PROVIDED INFORMATION:
☆ ☆ ☆ ☆ ☆ ☆ ☆

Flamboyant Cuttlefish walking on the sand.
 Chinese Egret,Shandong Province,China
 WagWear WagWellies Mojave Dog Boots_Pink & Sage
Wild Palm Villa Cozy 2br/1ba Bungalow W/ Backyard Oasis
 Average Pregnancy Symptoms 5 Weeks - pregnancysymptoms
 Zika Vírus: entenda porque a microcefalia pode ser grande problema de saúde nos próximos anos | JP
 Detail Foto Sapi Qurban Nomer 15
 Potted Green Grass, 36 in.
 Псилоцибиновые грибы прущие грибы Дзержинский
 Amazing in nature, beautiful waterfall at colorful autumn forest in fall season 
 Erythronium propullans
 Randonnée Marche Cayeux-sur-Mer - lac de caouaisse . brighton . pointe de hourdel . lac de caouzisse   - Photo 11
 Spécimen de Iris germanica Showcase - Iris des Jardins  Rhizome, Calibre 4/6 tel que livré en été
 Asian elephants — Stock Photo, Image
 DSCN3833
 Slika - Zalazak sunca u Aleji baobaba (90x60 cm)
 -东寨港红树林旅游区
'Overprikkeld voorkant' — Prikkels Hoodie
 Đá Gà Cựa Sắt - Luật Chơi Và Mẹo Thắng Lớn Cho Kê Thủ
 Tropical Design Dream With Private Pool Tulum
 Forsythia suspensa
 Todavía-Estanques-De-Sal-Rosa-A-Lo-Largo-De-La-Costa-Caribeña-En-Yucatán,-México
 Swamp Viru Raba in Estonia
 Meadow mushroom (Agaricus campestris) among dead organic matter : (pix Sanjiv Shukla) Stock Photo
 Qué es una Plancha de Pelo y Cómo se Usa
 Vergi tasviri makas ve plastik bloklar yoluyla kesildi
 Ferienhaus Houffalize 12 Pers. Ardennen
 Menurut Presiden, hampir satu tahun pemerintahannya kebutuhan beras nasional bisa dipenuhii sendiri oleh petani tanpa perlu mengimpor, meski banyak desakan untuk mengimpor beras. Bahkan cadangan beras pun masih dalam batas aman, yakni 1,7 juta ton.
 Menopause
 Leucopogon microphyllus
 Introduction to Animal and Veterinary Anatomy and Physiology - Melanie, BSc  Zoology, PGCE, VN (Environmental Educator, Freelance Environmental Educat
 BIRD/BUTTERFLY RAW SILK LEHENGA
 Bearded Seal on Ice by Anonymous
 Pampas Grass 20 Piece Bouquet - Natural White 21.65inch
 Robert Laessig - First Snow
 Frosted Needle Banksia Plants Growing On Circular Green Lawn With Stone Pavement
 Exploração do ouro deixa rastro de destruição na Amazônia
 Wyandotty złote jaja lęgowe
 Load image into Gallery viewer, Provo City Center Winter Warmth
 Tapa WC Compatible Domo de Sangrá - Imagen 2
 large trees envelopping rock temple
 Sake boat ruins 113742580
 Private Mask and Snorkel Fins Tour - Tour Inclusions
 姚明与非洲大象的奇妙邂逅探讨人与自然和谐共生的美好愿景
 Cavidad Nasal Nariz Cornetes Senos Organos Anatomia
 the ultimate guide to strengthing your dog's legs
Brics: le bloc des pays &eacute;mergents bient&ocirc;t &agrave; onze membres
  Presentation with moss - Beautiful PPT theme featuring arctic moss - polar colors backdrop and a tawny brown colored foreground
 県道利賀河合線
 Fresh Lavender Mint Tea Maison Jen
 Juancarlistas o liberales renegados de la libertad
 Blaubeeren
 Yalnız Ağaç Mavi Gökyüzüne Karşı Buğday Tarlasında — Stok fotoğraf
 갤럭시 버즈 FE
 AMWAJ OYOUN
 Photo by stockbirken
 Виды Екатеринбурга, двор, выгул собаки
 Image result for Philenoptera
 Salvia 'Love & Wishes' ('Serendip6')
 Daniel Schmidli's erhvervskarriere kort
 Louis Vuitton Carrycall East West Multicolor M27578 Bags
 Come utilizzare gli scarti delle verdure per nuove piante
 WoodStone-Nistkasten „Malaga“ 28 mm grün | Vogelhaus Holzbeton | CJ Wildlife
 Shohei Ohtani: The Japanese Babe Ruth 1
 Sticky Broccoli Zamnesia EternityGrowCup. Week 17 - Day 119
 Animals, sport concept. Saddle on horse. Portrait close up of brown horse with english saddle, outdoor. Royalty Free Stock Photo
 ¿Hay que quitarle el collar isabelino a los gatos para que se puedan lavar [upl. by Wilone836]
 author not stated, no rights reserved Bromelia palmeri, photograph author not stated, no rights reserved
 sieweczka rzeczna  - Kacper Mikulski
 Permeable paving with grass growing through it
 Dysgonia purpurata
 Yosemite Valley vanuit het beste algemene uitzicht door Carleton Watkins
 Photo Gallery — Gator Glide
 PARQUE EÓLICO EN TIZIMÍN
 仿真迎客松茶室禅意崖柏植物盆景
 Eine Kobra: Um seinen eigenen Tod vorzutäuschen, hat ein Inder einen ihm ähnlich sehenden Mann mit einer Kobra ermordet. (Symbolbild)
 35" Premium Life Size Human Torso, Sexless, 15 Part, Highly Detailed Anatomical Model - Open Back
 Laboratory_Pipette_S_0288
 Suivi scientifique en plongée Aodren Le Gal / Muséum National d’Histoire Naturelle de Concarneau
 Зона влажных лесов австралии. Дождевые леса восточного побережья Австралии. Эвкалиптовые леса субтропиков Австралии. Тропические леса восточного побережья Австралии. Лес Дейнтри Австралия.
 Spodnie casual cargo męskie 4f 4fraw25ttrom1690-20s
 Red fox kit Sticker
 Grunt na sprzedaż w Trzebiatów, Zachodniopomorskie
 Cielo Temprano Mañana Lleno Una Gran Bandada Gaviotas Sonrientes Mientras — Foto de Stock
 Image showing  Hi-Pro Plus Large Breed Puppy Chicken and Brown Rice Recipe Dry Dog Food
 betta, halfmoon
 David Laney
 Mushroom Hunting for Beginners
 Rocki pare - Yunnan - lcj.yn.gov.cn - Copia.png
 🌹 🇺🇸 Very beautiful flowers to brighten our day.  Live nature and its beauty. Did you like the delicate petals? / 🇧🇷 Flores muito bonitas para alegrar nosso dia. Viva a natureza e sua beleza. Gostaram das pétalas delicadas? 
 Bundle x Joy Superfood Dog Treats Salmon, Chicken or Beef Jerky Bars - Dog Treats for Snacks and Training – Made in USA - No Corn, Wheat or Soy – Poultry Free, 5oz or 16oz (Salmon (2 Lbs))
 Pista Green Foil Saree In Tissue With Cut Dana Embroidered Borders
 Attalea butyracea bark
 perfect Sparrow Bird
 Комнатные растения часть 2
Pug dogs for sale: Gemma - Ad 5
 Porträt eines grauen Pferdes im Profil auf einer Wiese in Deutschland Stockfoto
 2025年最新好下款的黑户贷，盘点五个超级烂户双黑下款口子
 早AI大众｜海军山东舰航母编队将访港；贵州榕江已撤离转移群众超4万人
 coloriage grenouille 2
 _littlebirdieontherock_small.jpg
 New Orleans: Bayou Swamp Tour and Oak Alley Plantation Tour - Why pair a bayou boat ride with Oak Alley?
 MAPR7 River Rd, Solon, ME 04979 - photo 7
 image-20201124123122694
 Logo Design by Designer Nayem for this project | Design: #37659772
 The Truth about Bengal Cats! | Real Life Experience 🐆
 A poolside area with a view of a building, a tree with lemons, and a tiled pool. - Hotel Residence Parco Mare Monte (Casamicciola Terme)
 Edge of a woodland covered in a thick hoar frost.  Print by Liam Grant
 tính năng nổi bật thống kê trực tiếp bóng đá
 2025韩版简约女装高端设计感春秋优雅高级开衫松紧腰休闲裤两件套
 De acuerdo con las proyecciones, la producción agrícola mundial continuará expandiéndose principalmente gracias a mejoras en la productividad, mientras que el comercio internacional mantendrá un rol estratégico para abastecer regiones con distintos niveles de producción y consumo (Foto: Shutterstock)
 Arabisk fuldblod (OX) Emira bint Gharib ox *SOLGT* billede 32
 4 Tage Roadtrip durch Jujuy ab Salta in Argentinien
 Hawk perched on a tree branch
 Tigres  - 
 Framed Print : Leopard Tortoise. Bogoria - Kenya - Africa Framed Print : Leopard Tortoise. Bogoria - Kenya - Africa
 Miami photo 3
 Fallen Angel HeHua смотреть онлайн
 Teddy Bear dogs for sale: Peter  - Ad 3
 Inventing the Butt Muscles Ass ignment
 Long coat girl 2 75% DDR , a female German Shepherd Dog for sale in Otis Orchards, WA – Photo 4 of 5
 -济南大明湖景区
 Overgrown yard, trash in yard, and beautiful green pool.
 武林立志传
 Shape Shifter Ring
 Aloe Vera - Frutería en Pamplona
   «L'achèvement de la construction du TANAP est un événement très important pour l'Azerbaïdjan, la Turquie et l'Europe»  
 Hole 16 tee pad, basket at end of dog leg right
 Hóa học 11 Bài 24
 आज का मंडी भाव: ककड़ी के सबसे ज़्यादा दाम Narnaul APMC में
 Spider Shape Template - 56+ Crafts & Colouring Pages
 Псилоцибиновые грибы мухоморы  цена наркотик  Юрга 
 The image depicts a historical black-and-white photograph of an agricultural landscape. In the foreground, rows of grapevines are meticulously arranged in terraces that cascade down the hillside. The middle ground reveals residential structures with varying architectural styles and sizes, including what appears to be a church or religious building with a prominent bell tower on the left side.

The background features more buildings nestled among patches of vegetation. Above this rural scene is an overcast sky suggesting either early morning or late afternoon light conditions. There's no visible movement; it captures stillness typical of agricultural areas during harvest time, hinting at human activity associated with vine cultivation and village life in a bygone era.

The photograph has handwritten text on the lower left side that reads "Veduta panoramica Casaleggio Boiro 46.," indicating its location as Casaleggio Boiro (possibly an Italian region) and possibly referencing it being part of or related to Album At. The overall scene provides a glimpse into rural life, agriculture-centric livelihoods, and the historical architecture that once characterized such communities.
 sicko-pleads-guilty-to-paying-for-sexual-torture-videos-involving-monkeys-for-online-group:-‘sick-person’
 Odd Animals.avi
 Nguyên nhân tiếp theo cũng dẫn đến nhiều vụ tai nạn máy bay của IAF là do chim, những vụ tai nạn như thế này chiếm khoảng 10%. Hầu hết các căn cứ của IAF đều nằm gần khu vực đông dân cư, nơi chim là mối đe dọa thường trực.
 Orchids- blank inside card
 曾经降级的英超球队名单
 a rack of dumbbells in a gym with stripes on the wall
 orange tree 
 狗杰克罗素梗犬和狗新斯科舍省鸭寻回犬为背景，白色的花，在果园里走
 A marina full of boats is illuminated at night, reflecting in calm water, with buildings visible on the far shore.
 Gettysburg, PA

☆ ☆ ☆ ☆ ☆ ☆ ☆

WORK TO BE COMPLETED: Copy out all lines of the material above in which "tiếp" occurs.

RESPONSE FOR THIS EXERCISE:
 tính năng nổi bật thống kê trực tiếp bóng đá
 Nguyên nhân tiếp theo cũng dẫn đến nhiều vụ tai nạn máy bay của IAF là do chim, những vụ tai nạn như thế này chiếm khoảng 10%. Hầu hết các căn cứ của IAF đều nằm gần khu vực đông dân cư, nơi chim là mối đe dọa thường trực.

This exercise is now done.